* [Given data]:

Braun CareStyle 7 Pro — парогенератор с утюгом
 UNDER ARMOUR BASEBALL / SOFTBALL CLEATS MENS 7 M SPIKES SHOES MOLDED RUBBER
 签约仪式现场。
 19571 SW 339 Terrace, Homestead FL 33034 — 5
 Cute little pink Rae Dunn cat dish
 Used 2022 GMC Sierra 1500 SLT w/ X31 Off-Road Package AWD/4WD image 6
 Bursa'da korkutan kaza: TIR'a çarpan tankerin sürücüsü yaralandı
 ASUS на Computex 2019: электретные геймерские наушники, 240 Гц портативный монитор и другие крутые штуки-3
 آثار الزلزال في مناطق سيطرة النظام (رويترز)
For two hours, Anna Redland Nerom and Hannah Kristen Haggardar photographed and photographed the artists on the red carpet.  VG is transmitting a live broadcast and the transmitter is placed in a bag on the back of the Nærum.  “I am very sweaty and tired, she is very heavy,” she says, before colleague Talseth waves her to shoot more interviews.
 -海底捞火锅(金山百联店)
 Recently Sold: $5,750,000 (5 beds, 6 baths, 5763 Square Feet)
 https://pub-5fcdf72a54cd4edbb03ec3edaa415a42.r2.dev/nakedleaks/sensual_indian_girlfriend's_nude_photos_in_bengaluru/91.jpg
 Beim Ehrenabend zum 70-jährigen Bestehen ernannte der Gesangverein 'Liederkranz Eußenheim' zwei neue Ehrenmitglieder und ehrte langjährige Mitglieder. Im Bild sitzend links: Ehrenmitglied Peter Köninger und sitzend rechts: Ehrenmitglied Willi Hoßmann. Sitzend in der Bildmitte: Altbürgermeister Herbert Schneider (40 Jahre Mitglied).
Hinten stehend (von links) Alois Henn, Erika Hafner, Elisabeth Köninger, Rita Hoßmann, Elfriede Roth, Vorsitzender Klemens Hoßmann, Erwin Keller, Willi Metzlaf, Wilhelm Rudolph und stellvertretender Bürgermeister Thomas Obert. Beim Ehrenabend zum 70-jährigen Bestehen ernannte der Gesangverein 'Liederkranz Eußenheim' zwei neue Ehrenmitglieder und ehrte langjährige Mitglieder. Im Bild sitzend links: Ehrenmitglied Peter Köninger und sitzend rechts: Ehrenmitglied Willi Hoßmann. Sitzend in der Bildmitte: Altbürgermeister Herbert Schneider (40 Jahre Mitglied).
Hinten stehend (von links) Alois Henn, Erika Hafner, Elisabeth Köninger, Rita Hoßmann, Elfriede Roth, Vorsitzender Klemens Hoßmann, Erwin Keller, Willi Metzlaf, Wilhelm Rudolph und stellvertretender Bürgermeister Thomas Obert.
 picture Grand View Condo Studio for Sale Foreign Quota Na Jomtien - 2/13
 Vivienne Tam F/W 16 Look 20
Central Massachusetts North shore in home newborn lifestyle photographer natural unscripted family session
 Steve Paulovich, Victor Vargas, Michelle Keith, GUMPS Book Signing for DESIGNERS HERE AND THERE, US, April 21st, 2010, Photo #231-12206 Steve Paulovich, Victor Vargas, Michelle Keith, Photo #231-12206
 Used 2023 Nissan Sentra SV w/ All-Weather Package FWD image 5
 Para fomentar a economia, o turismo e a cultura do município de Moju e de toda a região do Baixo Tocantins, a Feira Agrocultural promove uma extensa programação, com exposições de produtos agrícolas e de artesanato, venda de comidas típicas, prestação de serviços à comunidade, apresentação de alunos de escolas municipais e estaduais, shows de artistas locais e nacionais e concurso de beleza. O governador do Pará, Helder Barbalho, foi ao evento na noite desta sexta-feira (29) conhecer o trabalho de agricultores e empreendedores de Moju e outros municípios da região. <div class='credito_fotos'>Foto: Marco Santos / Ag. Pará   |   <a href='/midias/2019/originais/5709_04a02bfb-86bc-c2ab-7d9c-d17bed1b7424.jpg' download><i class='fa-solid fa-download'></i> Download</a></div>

* [Instructions to follow]: Copy out, word for word, the part of the entries above that begins at the line with "Central Massachusetts North" and ends at the line with "Used 2023 Nissan", including both.

* [Result]:
Central Massachusetts North shore in home newborn lifestyle photographer natural unscripted family session
 Steve Paulovich, Victor Vargas, Michelle Keith, GUMPS Book Signing for DESIGNERS HERE AND THERE, US, April 21st, 2010, Photo #231-12206 Steve Paulovich, Victor Vargas, Michelle Keith, Photo #231-12206
 Used 2023 Nissan Sentra SV w/ All-Weather Package FWD image 5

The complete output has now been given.